It's hard to go from Type A squared to a Type B. I've always admired people that wouldn't know stress if it jumped up and bit them. They could go with the flow and nothing seemed to get to them. I thought it would be kind of cool to adjust my thinking and lifestyle and incorporate that philosophy into my daily life. I know it would be better for me in the long run. On the other hand, these were the people that drove, walked and talked too slow. Just thinking about it makes me want to gnash my teeth. They took out their checkbook and started writing it after everything had been rung up at the store. I mean, don't you know that you'll have to pay for it? Why start at the last minute? Everything is at a much slower pace.
And that isn't me.
See what I mean?
Did I really say I thought it would be cool?

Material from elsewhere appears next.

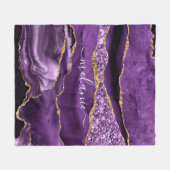 Aangepaste naam Agate Paars Violet Gold Glitter Ge Fleece Deken (Voorkant (Horizontaal))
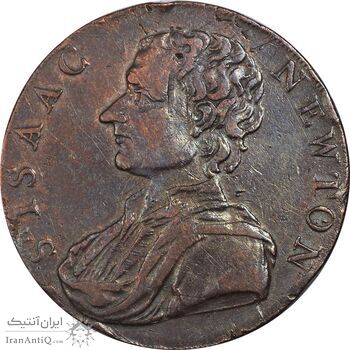 ژتون 1/2 پنی 1793 اسحاق نیوتون - VF30 - انگلستان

If I can't go back to high pressure situations, what can I do so I don't feel like a lump of doo-doo? In my mind it was either all or nothing and I chose all. My motto was work hard, play hard and rest hard. If anything was worth doing it was worth doing 150%. I hate sitting around and I'm running out of things to do. Not going 200 miles per hour on a daily basis makes me feel useless.
The days turn into weeks, turn into months then turn into years. I need to find something that brings my brain back. I need to imagine and dream again. I get sick of hearing myself say this over and over again but when I try to start the process the harsh realities come flooding in and dreams go out the window.